Hey everyone,
Thanks for all the great comments and responses. I’ll address some of the high level themes, hopefully it catches most:
Consumption and limits
Yes, early adopters of Forge LLMs will need to build user/tenant/edition based limits within their apps. Feature flags will be available by the time LLMs are in preview which could be useful for more dynamic controls, throttling etc.
With Forge pricing generally, you can expect to see a lot more alerts/controls/APIs etc. coming in 2026 that will make it easier to observe and manage use of all Forge paid capabilities. We’re getting lots of good feedback on this, including in the developer space session yesterday.
Expect to see more RFCs etc. on improving the tooling around paid Forge services.
Consumption based pricing on Marketplace
This is still on the Marketplace roadmap, although it has been delayed. I appreciate this will be limiting on the types of use cases you can build for in the short term, but in the medium/long there will be more flexibility around monetisation.
Observability, evals, testing etc.
Obviously we understand how important this is, and something we are doing a lot of internally with Rovo development etc. We won’t have any specific new features at launch but keen to work on better supporting this on Forge.
Some loosely held thoughts:
- I imagine we would lean heavily into offline evaluations (using pre-collected, static datasets before production). So would recommend, if anything, folks start investing in their training data sets.
- Considering that we’re just exposing the vanilla Claude models, for now you could use third party tools to run evals against those models outside of Forge. To test prompt tweaks, different model versions etc.
- As for online evals, expect to have very limited (if any) access to raw prompts/responses in production. We hold ourselves to pretty high standards internally and you can expect that to be reflected in any tooling we build.

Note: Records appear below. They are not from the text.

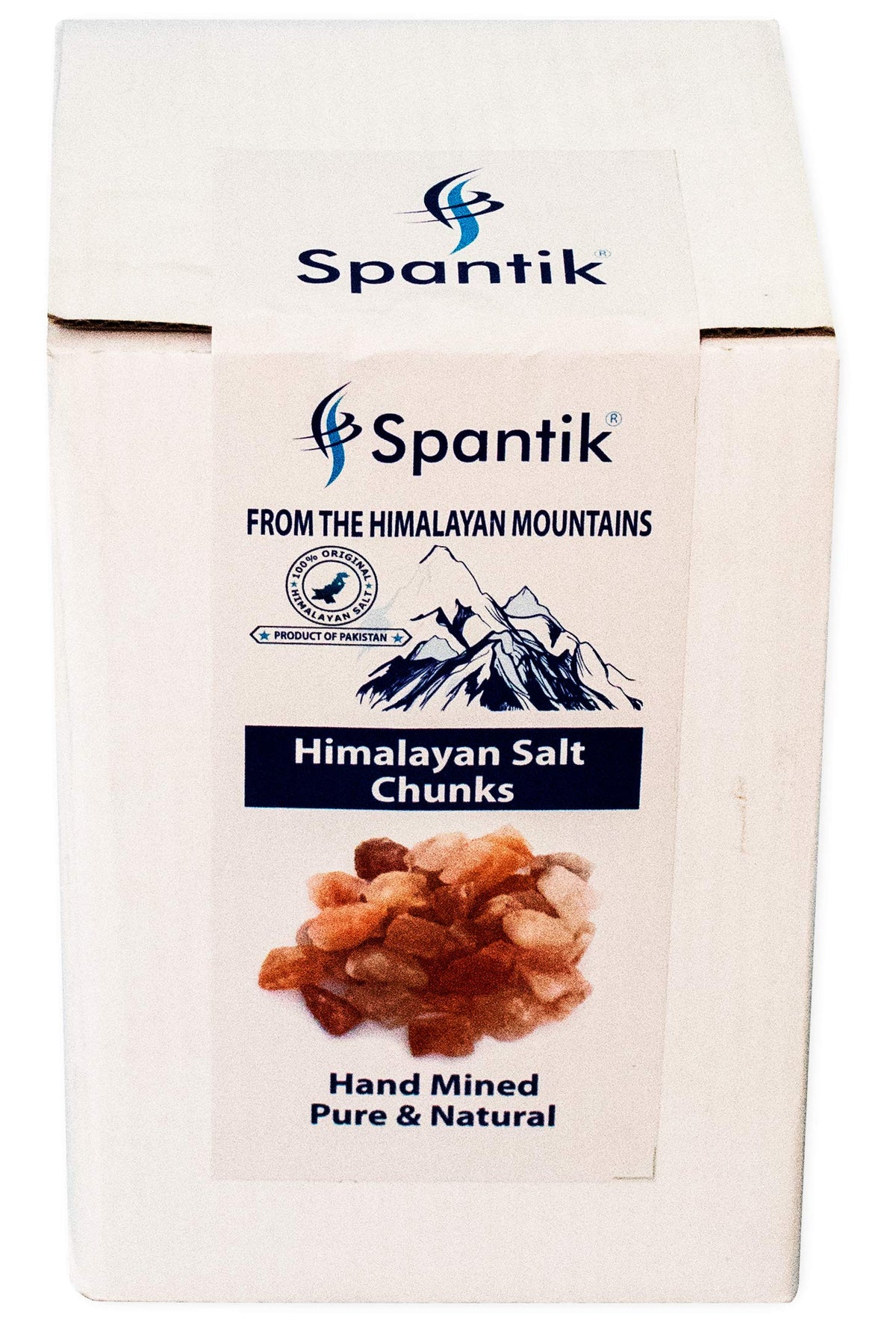 Spantik Himalayan salt chunks arranged in a candle jar centerpiece for ambiance.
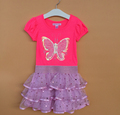 Baby Girls Dresses Girls Sequin Butterfly Princess Dress Summer Short Sleeve Dress 6 p l free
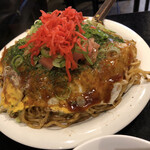 Hiroshima Fuu Okonomiyaki Shanto - タコタルMIX 焼きそば2玉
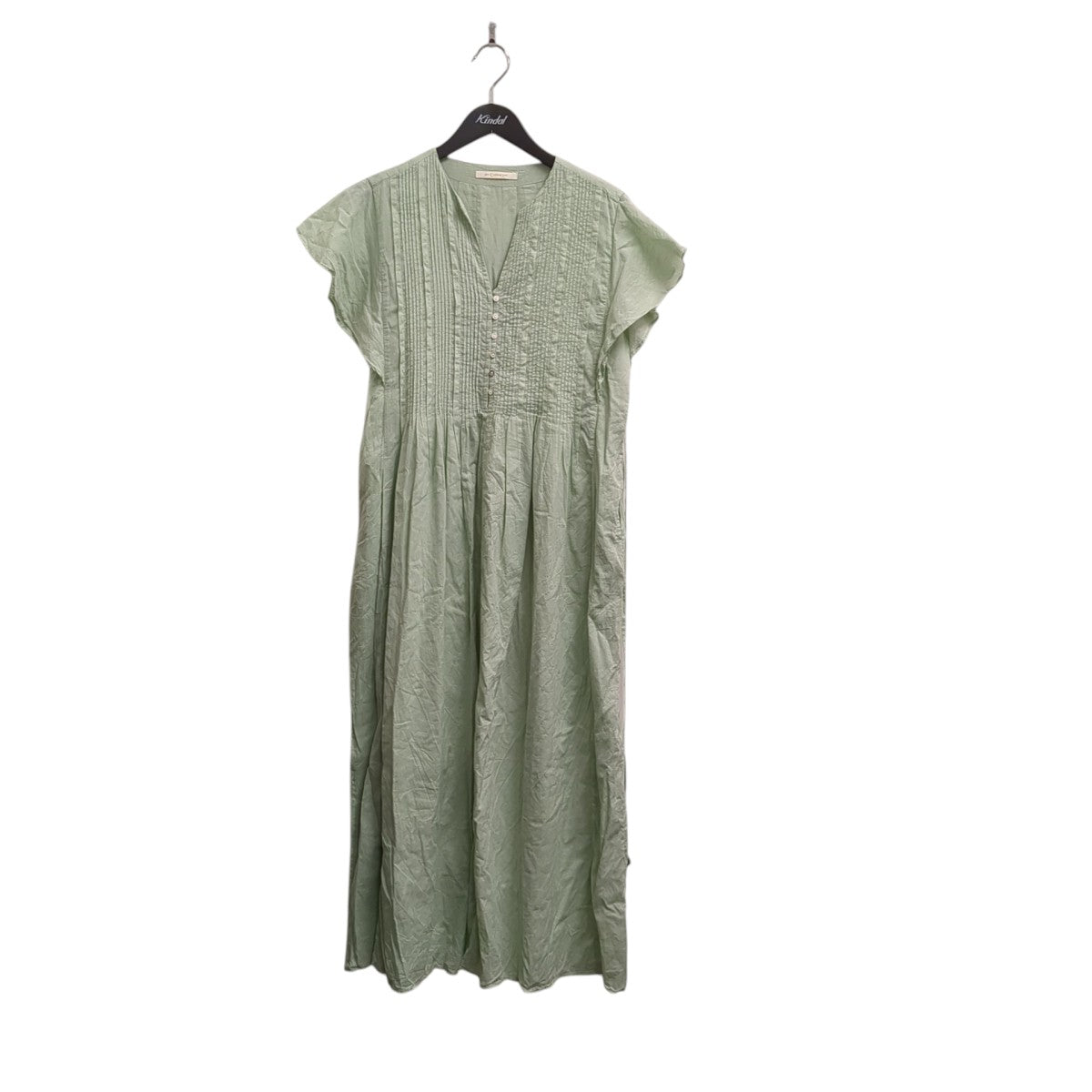 COTTON VOILE PIN TUCK DRE半袖ワンピース010551ZC7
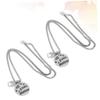 POPETPOP 2-Piece Dog Necklace with Letter Pendant view 4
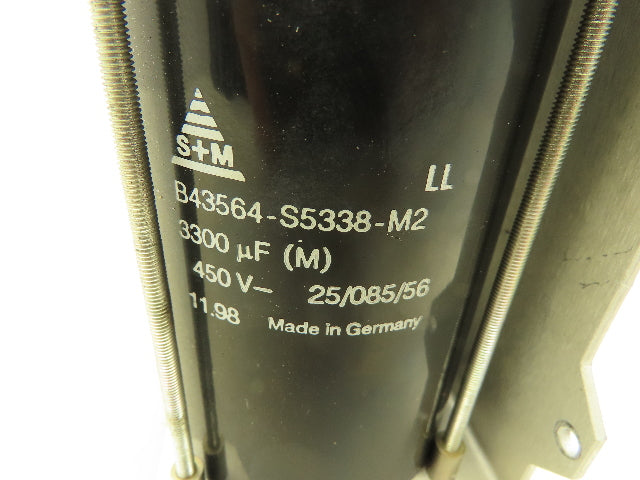 S + M B43564-S5338-M2 Electrolytic Screw Terminal Capacitor 3300uF 450V Lot of 2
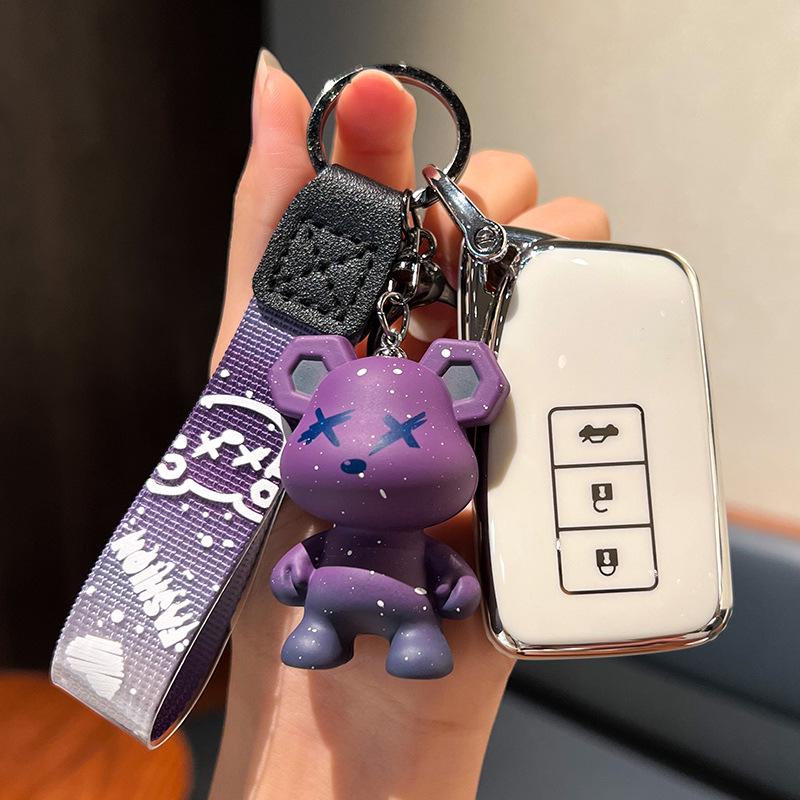 Lexus Key Case for UX260H, ES200, RX, NX, LX - Women's Car Key Bag Shell & Buckle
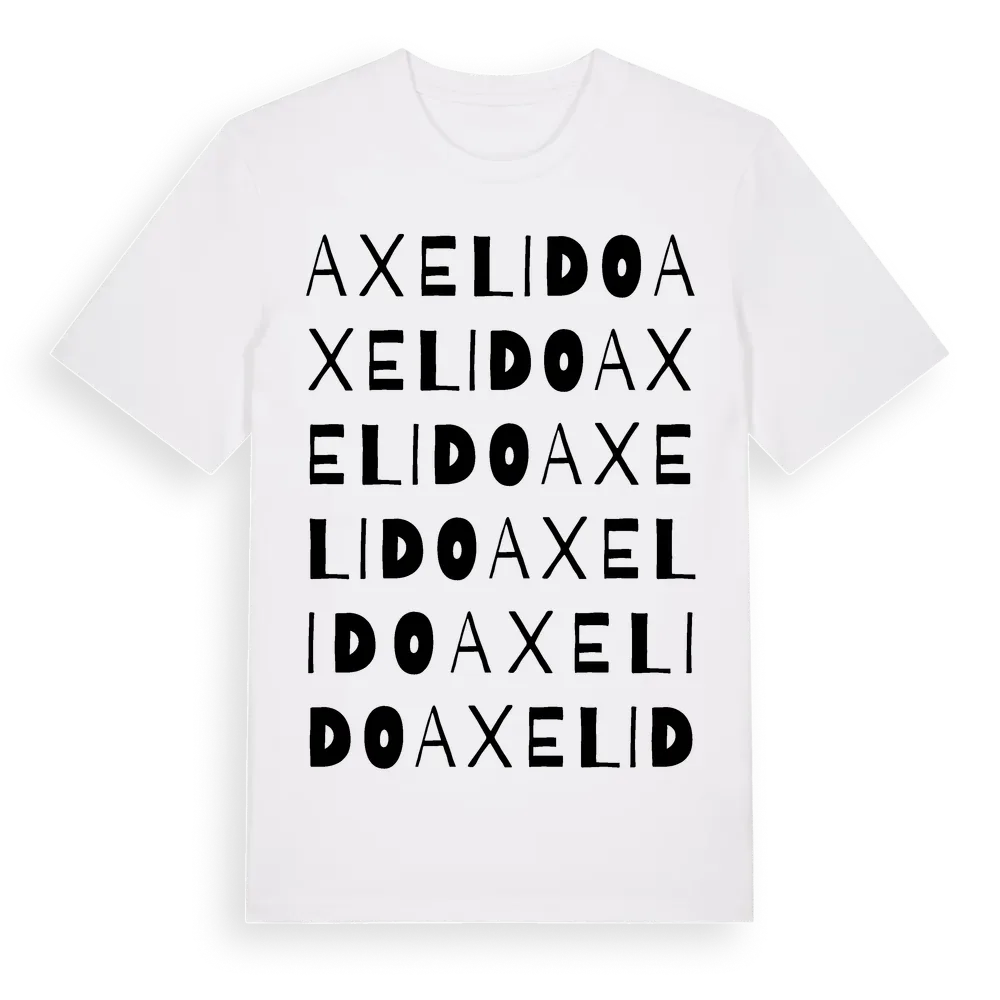Axelido ordlek t-shirt i miljö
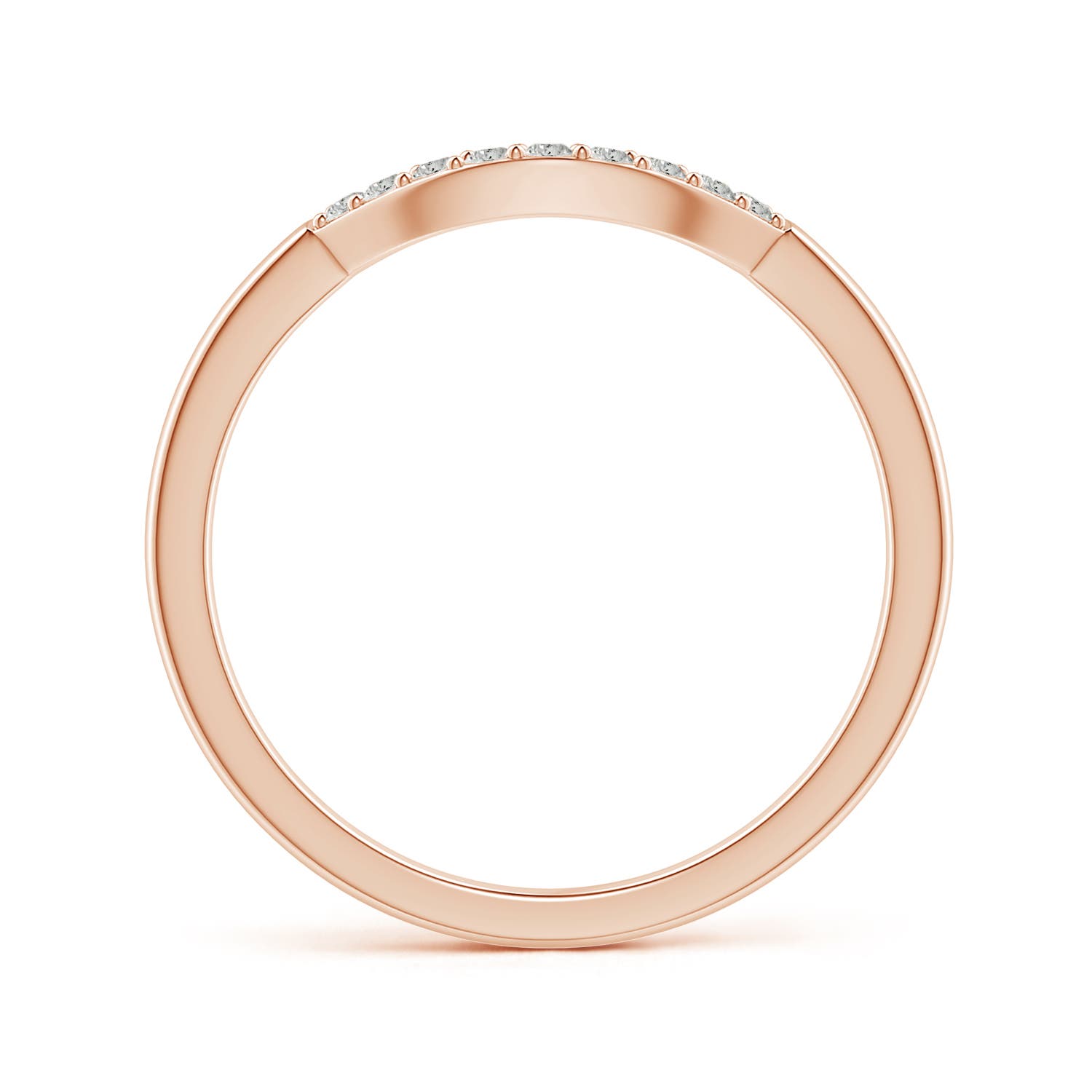 K, I3 / 0.09 CT / 14 KT Rose Gold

- For online you could use things like feature flags (coming soon) and custom metrics to capture click-through rates, thumbs up/down, engagement etc in production. You could also use the RoA supported OTEL/analytics services.
Major versions
Yes @BenRomberg I should have pointed out that this will be a new permission which will be able to be decoupled from versioning as per RFC-106. In that case it wouldn’t be a major version change but the admin would need to accept the new permission before that installation could access the LLM.
SDK suggestions
Lots of good suggestions around things like streaming, prompt caching etc. keep them coming
We will have some constraints based on Atlassian’s internal AI gateway and the underlying host (AWS Bedrock in the case of these models) but we’ll look into theses.